Ghana Educational Reforms



EDUCATIONAL REFORM IN GHANA:
THE SENIOR SECONDARY SCHOOL

by Nancy W. Keteku
In 1987, Ghana’s Ministry of Education introduced a restructured educational system that gradually replaced the British-based O-level and A-level system. The transition was completed in June, 1996, when the last class took A-level exams. The last O-level exams were administered in June 1994, although remedial exams will be offered through 1999. Educational reform affects all Ghanaian schools, public and private, except for three non-Ghanaian schools that offer the American high school, London O/A level and the IGCSE/IB curricula. The Senior Secondary School curriculum, including syllabi, schedules, exams, marking systems, and to some extent textbooks, is determined by the Ministry of Education and is identical in all 500 Ghanaian secondary schools.
As Ghana’s educational reforms are implemented, review and curriculum adjustment are frequent. The list of required subjects, the grading system, and some subject syllabi may be different for each successive class. Admission officials are encouraged to contact the USIS Educational Advising Center in Accra for clarification and evaluation of applicants’ transcripts and to confirm all secondary school examination results from the West African Examinations Council, WAEC.
Primary School
Ghanaian children enter Class One (first grade) during the calendar year in which they reach their sixth birthdays. For the first three years, teaching may be entirely in English or may integrate English and local languages. The majority of teachers are certified, having graduated from three-year Teacher Training Colleges. Children are taught to read in English, and all textbooks are in English.
Junior Secondary School
Junior Secondary School, or JSS, comprises Forms I through III (grades seven through nine). Admission is open to any student who has completed primary class six; there are no entrance exams, and junior secondary schools are part of the country’s nine-year Basic Education scheme to which all Ghanaian children are entitled. Junior secondary schools are usually sited on the same compounds as primary schools, and the school year for both systems runs for forty weeks, from October to August, six hours per day. The majority of JSS teachers are certified; in urban private schools, university graduates are found on teaching staffs.

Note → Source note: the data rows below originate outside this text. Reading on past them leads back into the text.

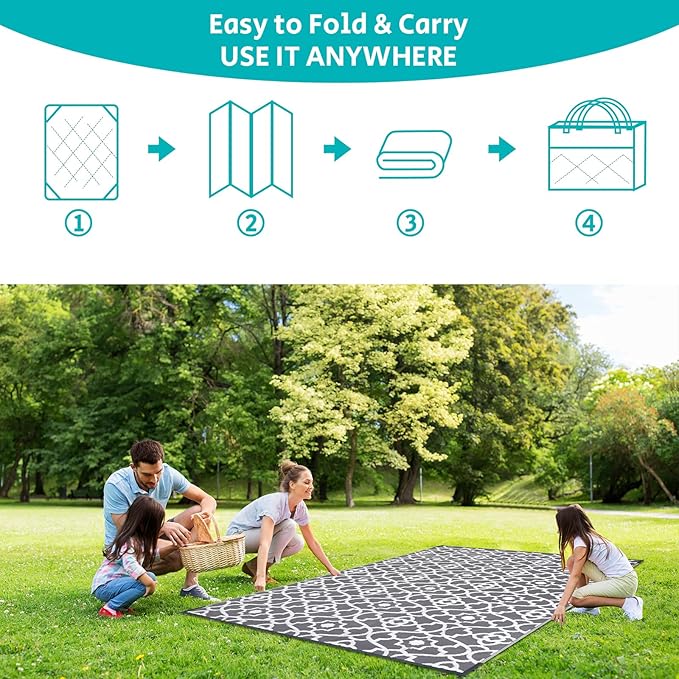 HEBE Outdoor Rug Waterproof 6x9, Plastic Straw Rug Camping Rug, Reversible Outdoor Patio Rugs RV Mat Clearance, Indoor Outside Floor Carpet for Porch,Deck,Camper,Balcony,Backyard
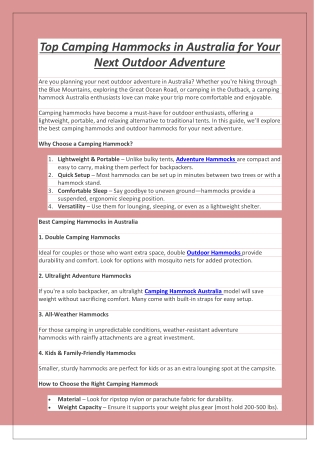 Top Camping Hammocks in Australia for Your Next Outdoor Adventure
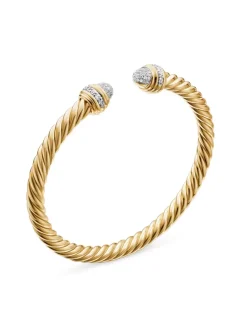 Classic Cablespira® Bracelet In 18k Yellow Gold With Diamonds, 5mm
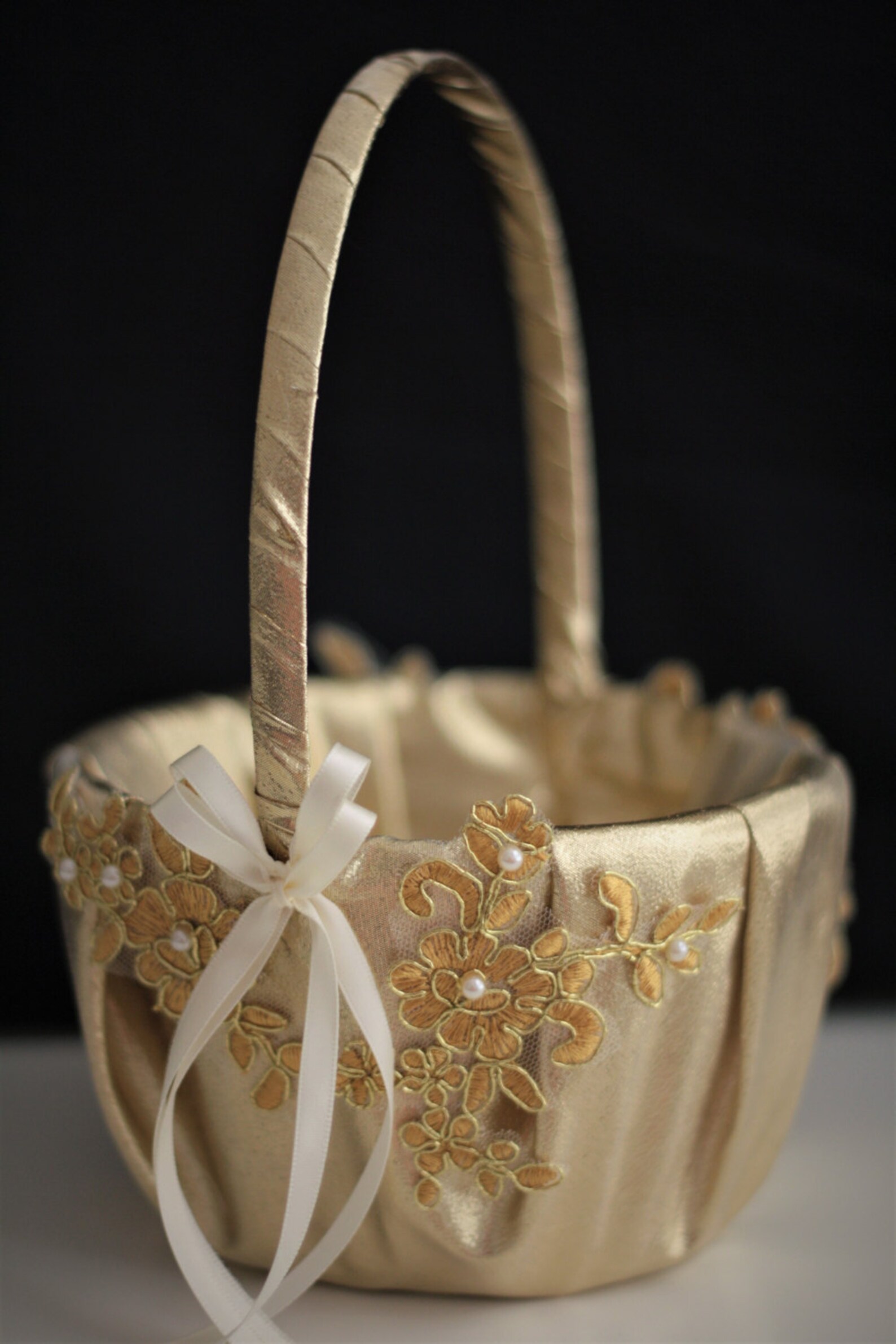 Gold Wedding Basket Gold Flower Girl Basket Gold Lace Etsy
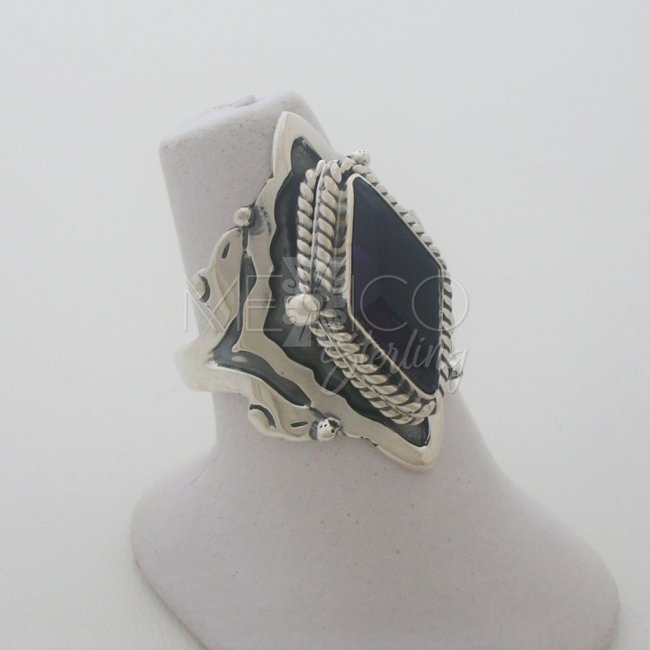 Baroque Taxco Sterling Silver Poison Ring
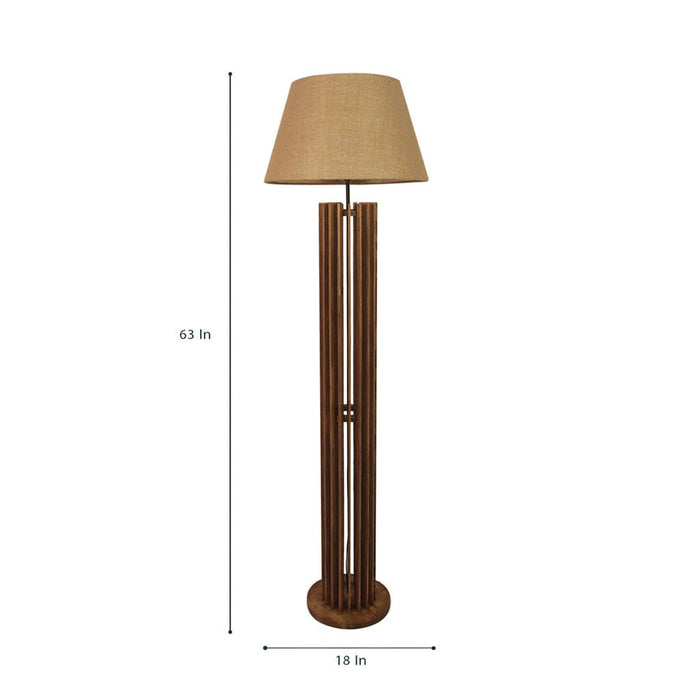 Ventus Wooden Floor Lamp with Premium Beige Fabric Lampshade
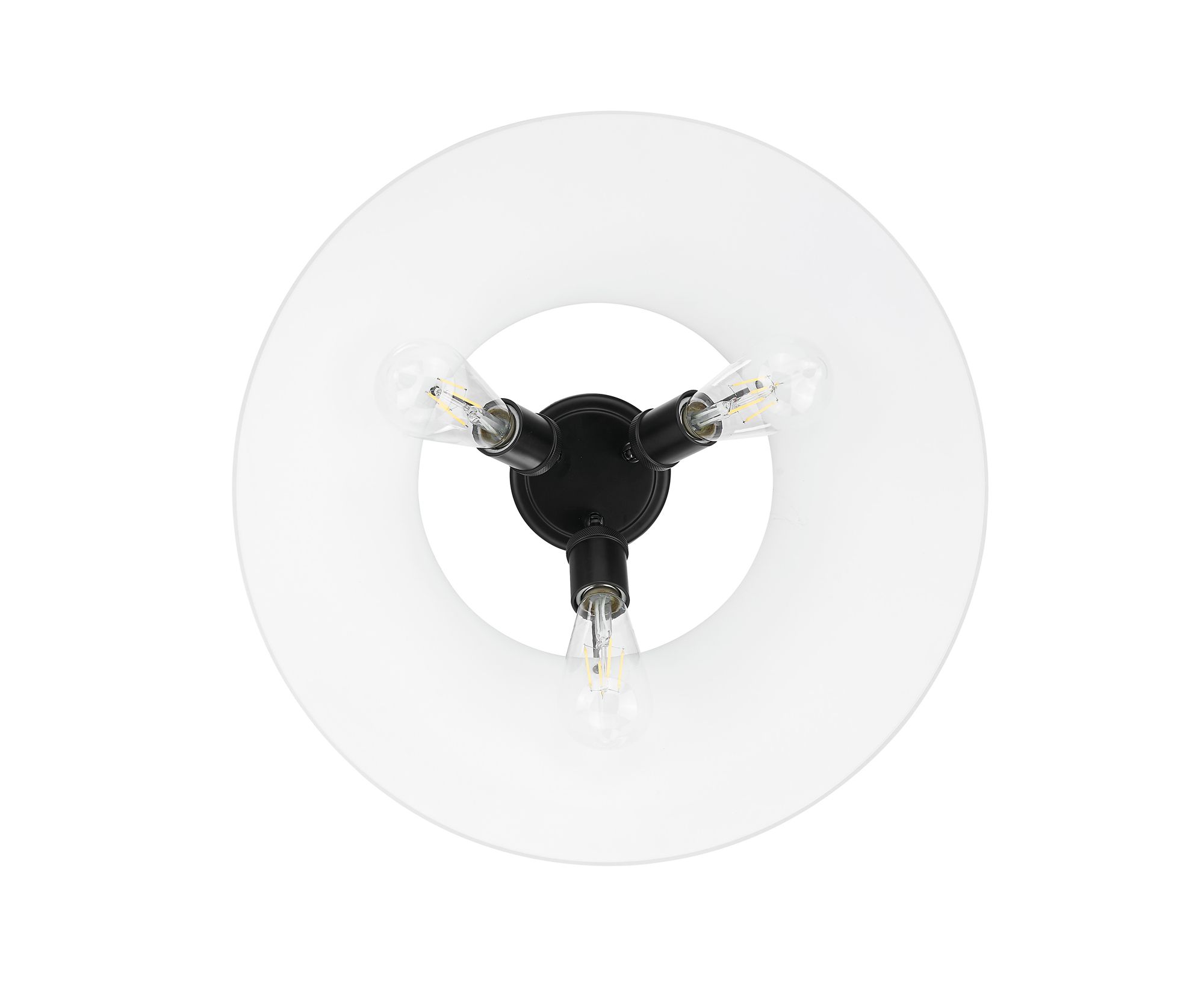 Image 3 Orwell 18 3/4" Wide 3-Light Flush Mount in Matte Black with Opal Glass more views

At the end of JSS Form III (ninth grade, fifteen years of age), two hundred thousand students take the Basic Education Certificate Examination (BECE). In 1998, the number of subjects examined was reduced from eleven or twelve to nine or ten, French being the optional subject. The BECE is administered and graded by WAEC; grading is on a descending 1-9 scale and consists of Continuous Assessment grades submitted by the student’s school (30%) and the BECE national exam (70%). Nationwide, about four percent of the grades in any one exam are 1’s.
Admission to the Senior Secondary School is based exclusively on BECE results. At the most competitive senior secondary schools in Ghana, students may need nine or ten grades of ‘1’ on their BECE exams to gain admission.
Senior Secondary School
Senior Secondary School (SSS) consists of Forms 1 through 3, equivalent to the American grades ten through twelve. An announcement from Ghana’s Ministry of Education states, “The new Senior Secondary School reform has been developed in response to criticism that, in the past, this level of education has been overly academic and removed from the country’s development and manpower trends. The reform will include a core curriculum to be followed by all Senior Secondary students, along with five specialized programs, two or more of which will be offered in each school. Students will select one specialized program, within which they will follow one option consisting of a package of three subjects.”
The core curriculum originally consisted of seven subjects studied throughout the three year senior secondary period: English, Science, Mathematics, Agricultural and Environmental Studies, Ghanaian Language (9 different languages offered), Life Skills (renamed Social Studies in 1999) and Physical Education. Beginning with the class of 1998, the core curriculum was reduced to six subjects: English, Integrated Science, Mathematics, Social Studies, Physical Education, Religious and Moral Education. Students are examined only in the first four of these subjects.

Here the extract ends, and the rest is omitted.